## GIVEN DATA
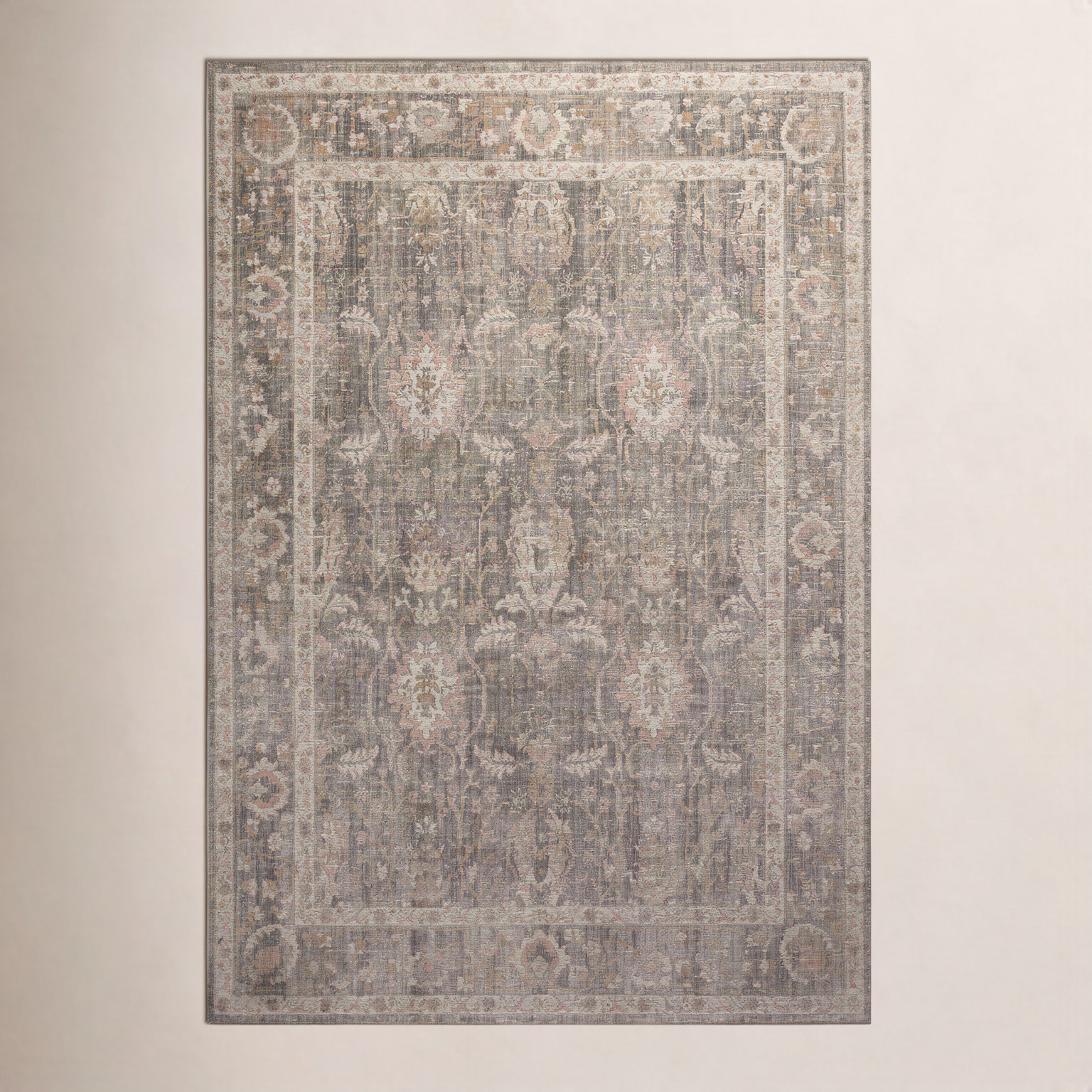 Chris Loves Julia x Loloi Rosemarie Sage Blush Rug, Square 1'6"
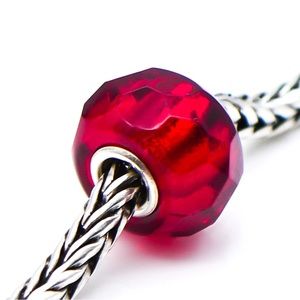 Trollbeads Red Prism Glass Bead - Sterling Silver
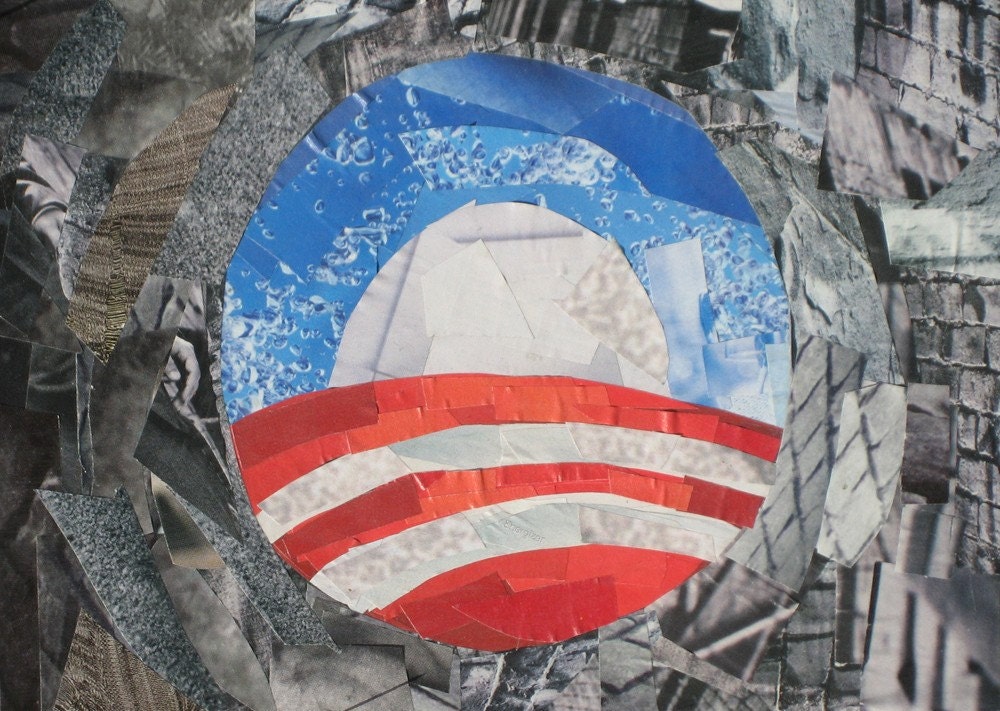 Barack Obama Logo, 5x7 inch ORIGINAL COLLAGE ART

## EXERCISE BRIEF
Set the lines down exactly as they stand, from the one containing "Trollbeads Red Prism" through the end of the listing, omitting every picture.

## TASK OUTPUT
 Trollbeads Red Prism Glass Bead - Sterling Silver
 Barack Obama Logo, 5x7 inch ORIGINAL COLLAGE ART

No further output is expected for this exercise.